Pulaski County Circuit Judge Michael Shurn visited the University of Indianapolis on Nov. 5 to speak at the Judicial Lecture Series. The Pre-Law Student Association invited Shurn to discuss his role as a judge, as well as the roles he plays in his community.
Assistant Professor of History & Political Science David Root, an advisor for the PLSA, contacted Shurn after hearing that he had received the 2018 Education for Service Award. This award recognizes alumni for their work of pursuing a life exploring and fulfilling UIndy’s motto of Education for Service. Root said he was looking for a variety of judges so that PLSA could be given a more well-rounded outlook for the Judicial Series.
“I am recruiting different types of judges to come in and talk and offer their experiences and insights,” Root said. “And so when I got the chance to meet him, it presented an opportunity to ask him to come and speak.”
Root asked Shurn if he would speak with some of the members of PLSA before the lecture began and share some of his experiences from his work in the education system.
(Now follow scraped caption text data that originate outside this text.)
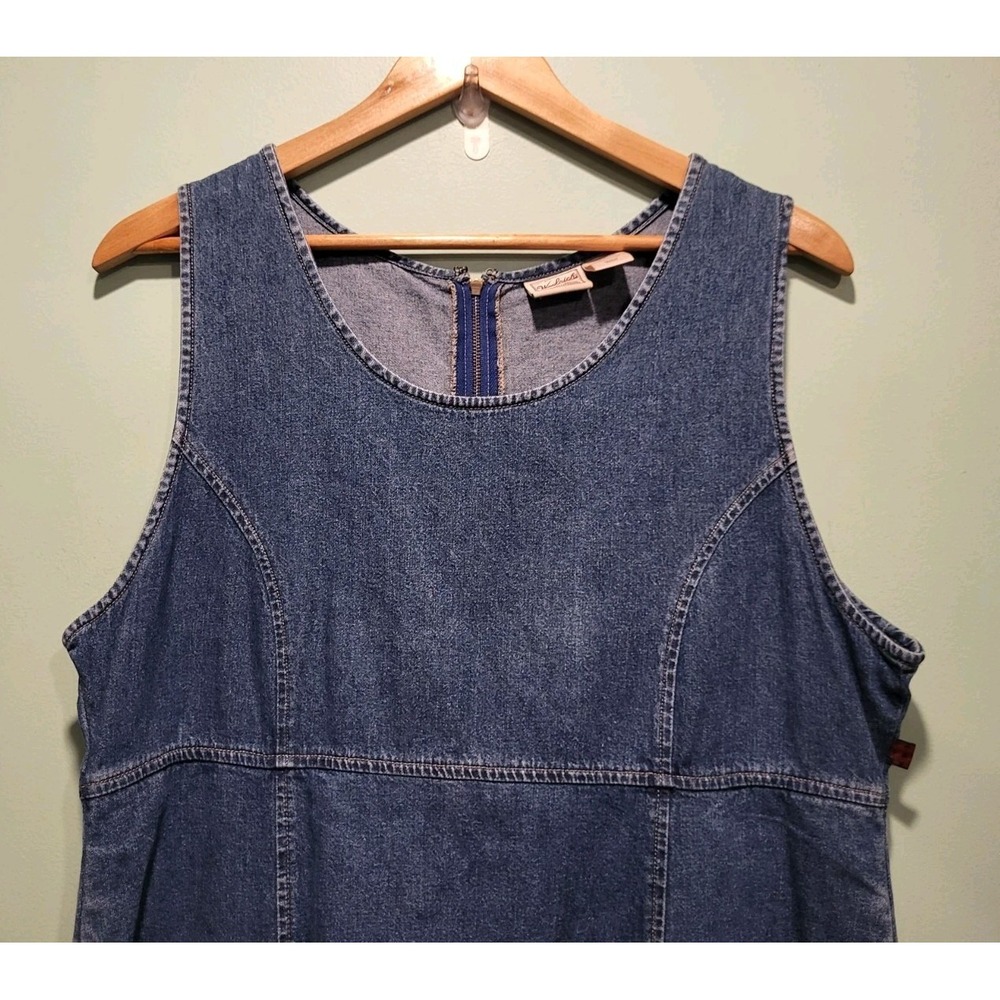 Vtg Woolrich Blue Denim Modest Mature Sleeveless Jumper Maxi Dress Pockets Sz L - Picture 2 of 8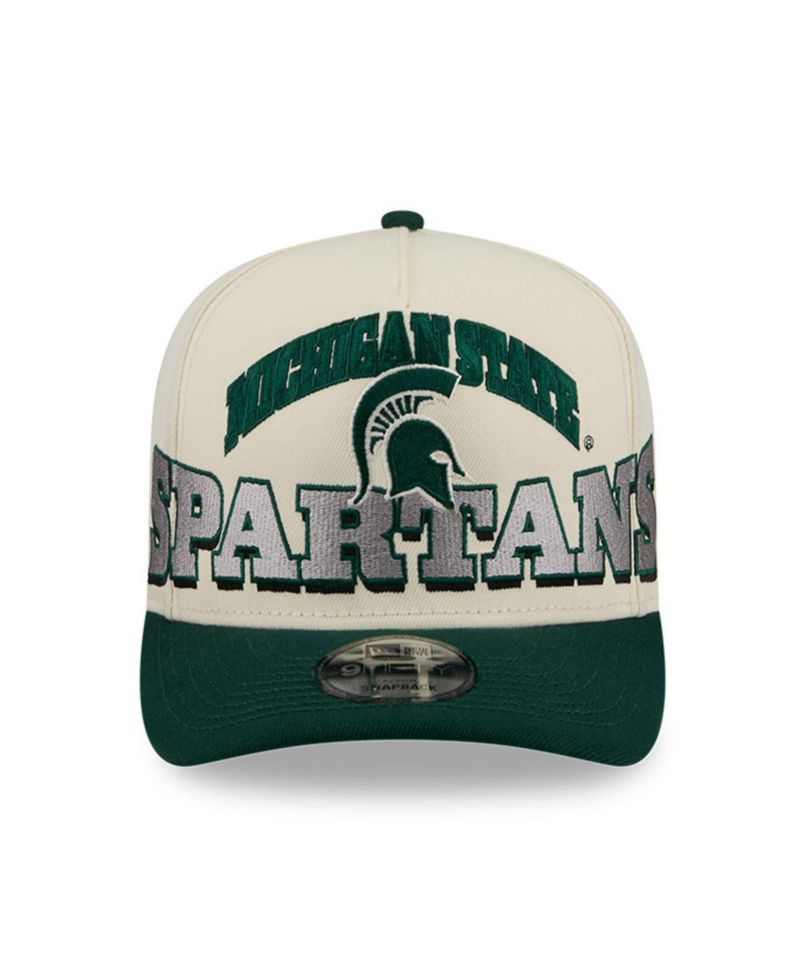 Men's Cream/Green Michigan State Spartans March Madness Historic Collection 9FIFTY A-Frame Snapback Hat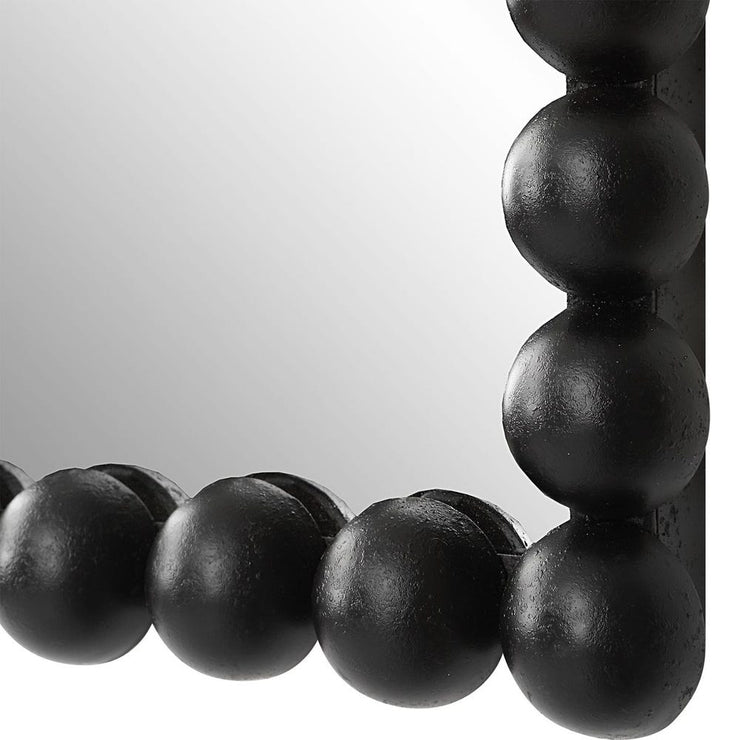 Uttermost Serna Beaded Satin Black Vanity Mirror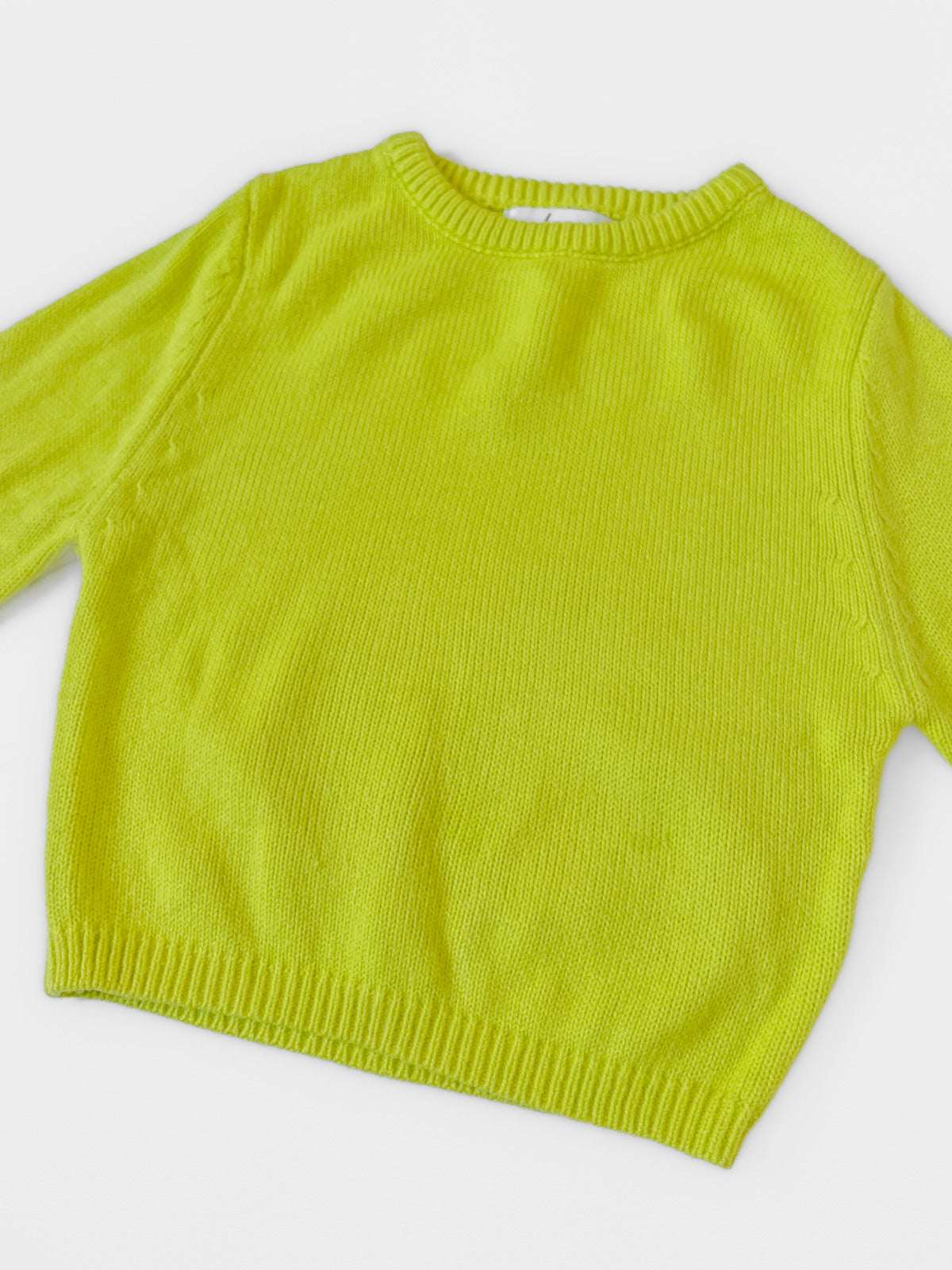 Acid Yellow Cropped Knit Jumper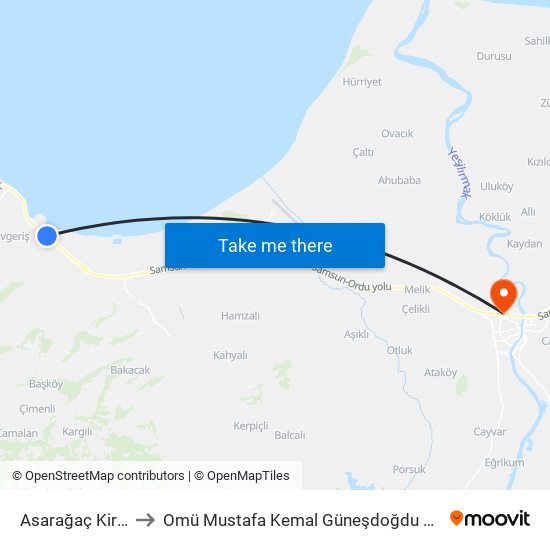 Asarağaç Kirazlık to Omü Mustafa Kemal Güneşdoğdu Yerleşkesi map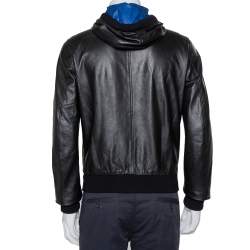 Pre Owned Dolce & Gabbana Black Leather Zip Front Hooded Jacket L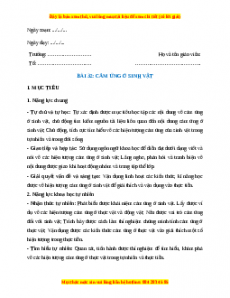 Giáo án Bài 32 Sinh học 7 Chân trời sáng tạo (2024): Cảm ứng ở sinh vật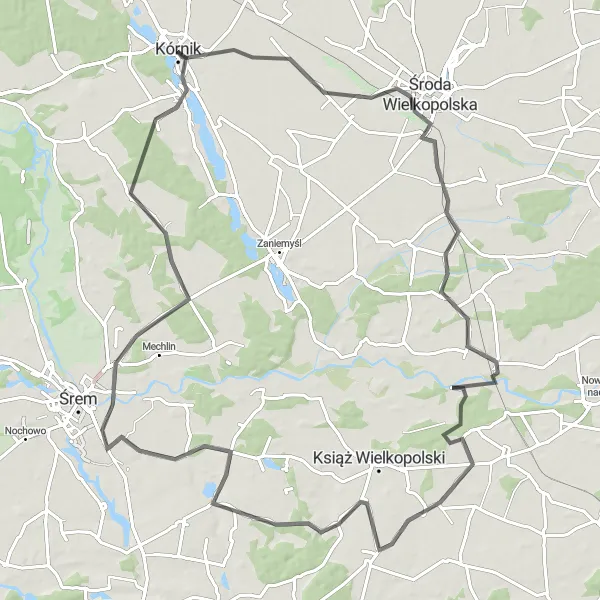 Map miniature of "Kórnik Loop - Discovering the Allure of Wielkopolskie" cycling inspiration in Wielkopolskie, Poland. Generated by Tarmacs.app cycling route planner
According to Root, Shurn discussed school, ranging from undergraduate to law school.
“I sat there nodding my head to a lot of these things [Shurn’s experiences],” Root said. “We’ve [PLSA] talked about these things but it was good for them to hear it from somebody else.”
Shurn discussed the multiple programs he created to not only help children in school, but also provide support to troubled kids. However, Shurn said that due to lack of funding most of the local programs that he created have been shut down. Shurn did not run for reelection, therefore, his term as a Pulaski County judge will end in December.
“You don’t want to end up in the land of the lost, so I’m looking,” Shurn said. “I might want to teach a little bit, work with the church and be a senior judge.”
During the lecture, Shurn talked more about his career as a judge and shared some of his favorite cases or ones that he believed were his most interesting. Shurn also shared his difficult journey to law school. After receiving his English degree from UIndy, Shurn applied to law school. However, his plans fell through when his number was picked in the draft for Vietnam.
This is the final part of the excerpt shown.